And so the opera ends happily, albeit sardonically. This is Gilbert and Sullivan after all.
Utopia is my least-favorite G&S show. The pacing is clunky, the songs are mostly unmemorable, Gilbert’s clearly lost a step when it comes to his lyrics. It’s actually a bit like a modern-day “franchise reboot” in the way it tries to do ham-fisted callbacks to more popular Gilbert and Sullivan operas, mainly H.M.S. Pinafore. And the song “English Girl” is just horrible, although when staged well, it can be kind of amusing.
Still, Utopia, Limited has its fans. George Bernard Shaw said it was his favorite Gilbert & Sullivan, but that was because it’s the one that most fiercely attacks English society, and GBS hated English society.
But now let’s put away our opera critic lens and look at this thing through our Moldbug Goggles. What do we see? The plot of the thing is literally implementing his plan, at least in the way a Victorian would imagine it. By turning the obscure island into a “modern” English stock company, they create a paradise on Earth… which is then ruined by the introduction of democratic elements, i.e. a party system of government.
Maybe I’m wrong, but I don’t feel like I’m grasping for similarities here. This isn’t something vaguely like Yarvin’s thesis, it basically is Yarvin’s thesis, in dramatic form.
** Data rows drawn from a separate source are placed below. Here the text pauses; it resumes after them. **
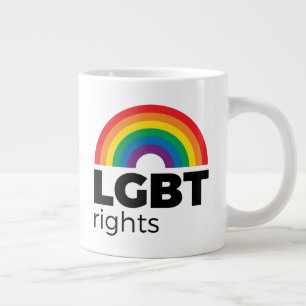 LGBT Rights Rainbow Extra Grote Beker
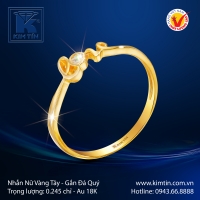 Nhẫn Nữ Vàng Màu 18K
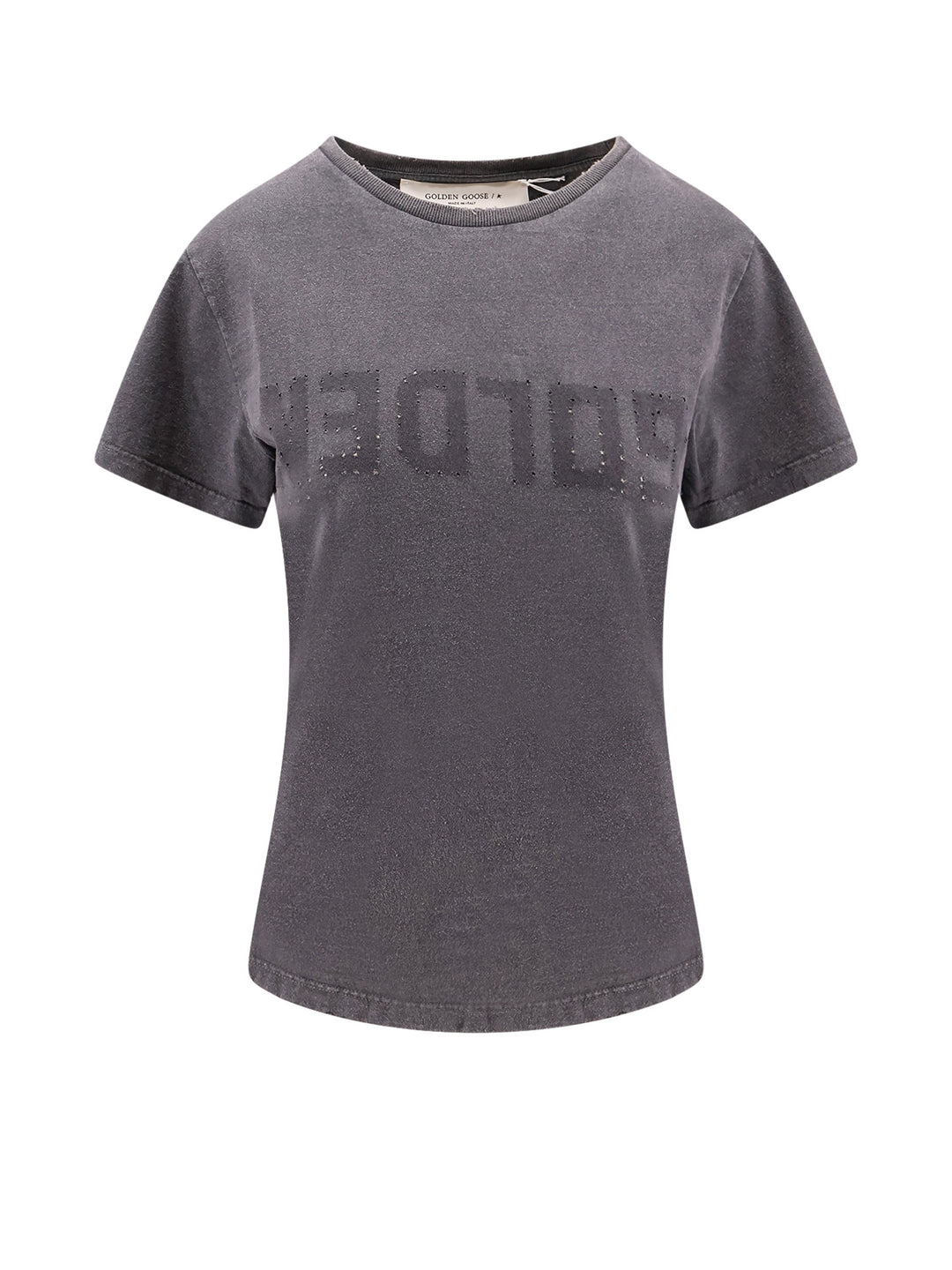 T-shirt Slim Fit con effetto Vintage e dettaglio Stelle in metallo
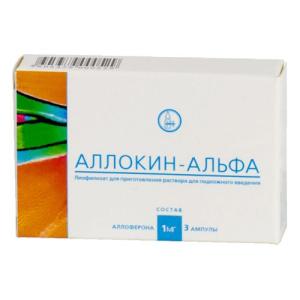 Аллокин-Альфа лиофилизат для приготовления раствора для подкожного введения 1мг ампулы №3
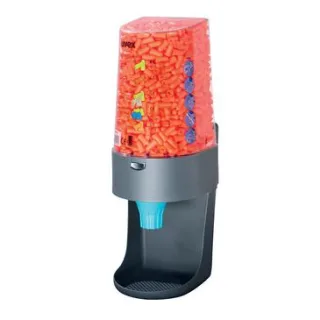 uvex Dispenser one2click gefüllt mit 600 Paar uvex com4-fit Gehörschutzstöpsel (SNR 33 dB) orange S - 2111991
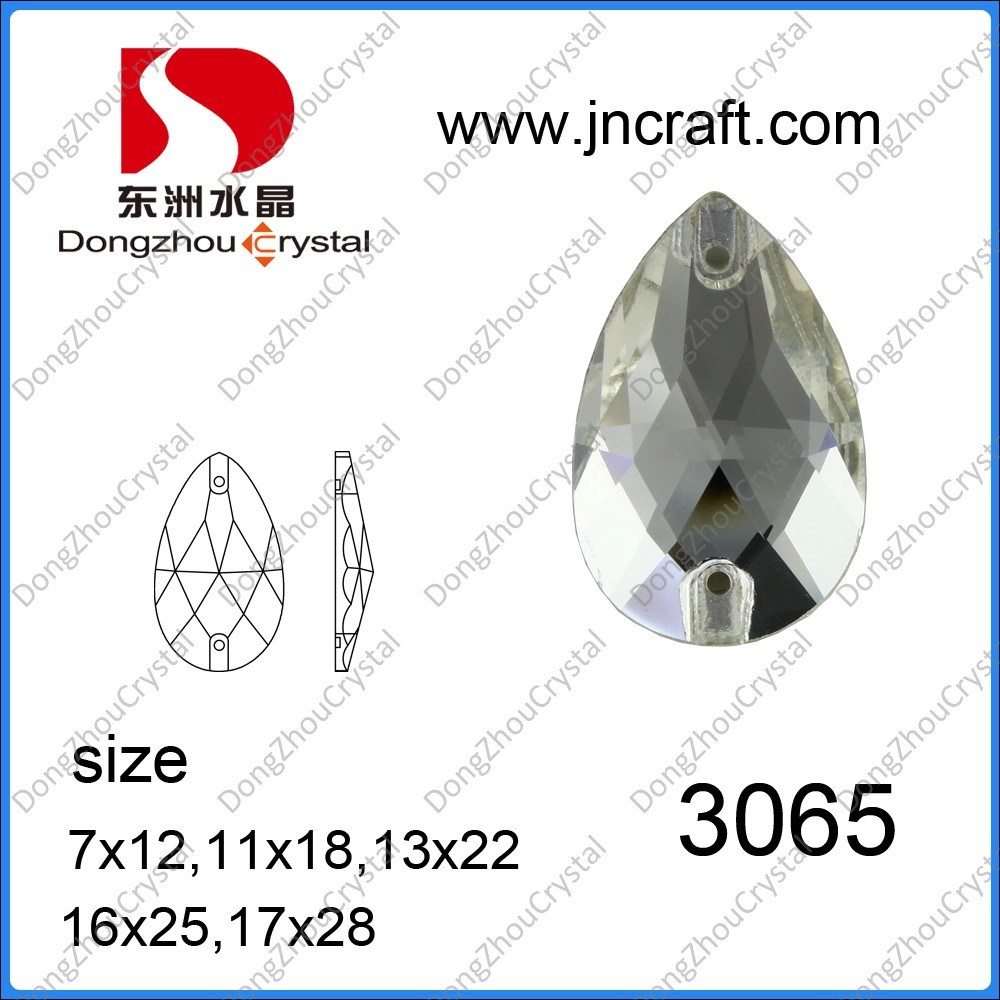 Pear Faceted Crystal Beads for Women Accessories (DZ-3065)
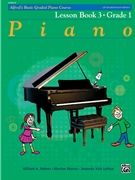 Alfred's Basic Graded Piano Course Lesson Book 3 (UK Graded Exam Edition) by Palmer Manus and Lethco for Piano Method
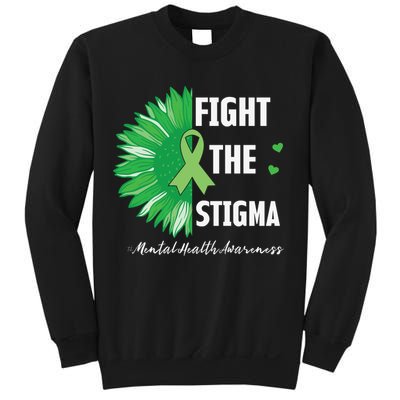 Mental Health Awareness Sunflower Fight The Stigma Sweatshirt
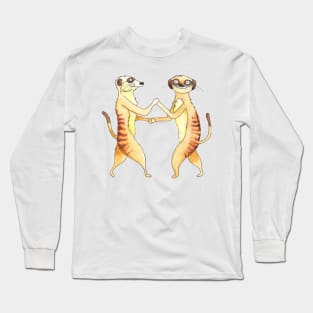 Dancing meerkats Long Sleeve T-Shirt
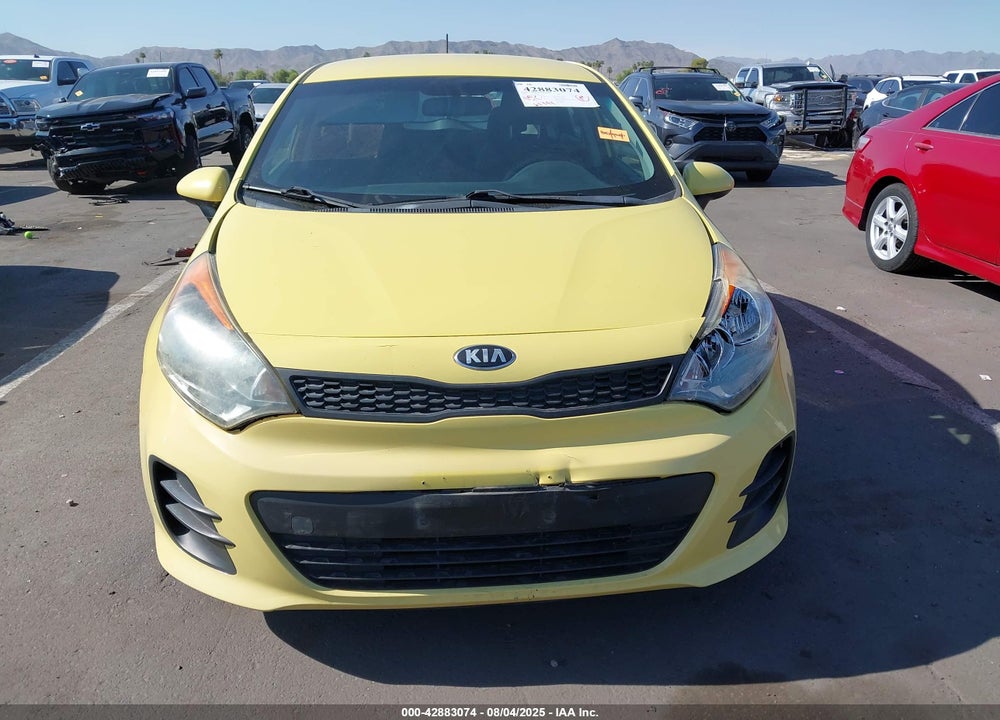 2016 KIA RIO VIN: KNADM5A31G6676571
Is this interesting? I submit that it is, if only because Utopia, Limited is one of those fascinating artifacts of fin-de-siècle culture which gives us a glimpse into the world that eventually led to World War I. And World War I led to World War II, which produced the modern international order we know today. Which basically unironically agrees with Princess Zara’s speech above that democratic, party-based government is the way to go. It may be messy, but it leads to “general and unexampled prosperity!”
This is exactly the international order that Yarvin so zealously opposes, and which he created his entire philosophy of government with a view to replacing.
I think Yarvin is generally best understood as a Victorian intellectual who inexplicably came unstuck in time and appeared in the early 21st-century. To us, he seems crazy and possibly evil. This is also modernity’s relationship to the Victorian world generally. (Of course, if you’ve read That Inevitable Victorian Thing… but, that’s another story.)
And so we come back to where we began: with the increasing popularity of Yarvin’s ideas. But now we see that Yarvin’s ideas are not new; they were in the air in 1893! After a century and a half, has the science of political theory made any progress at all? Perhaps history really is cyclical.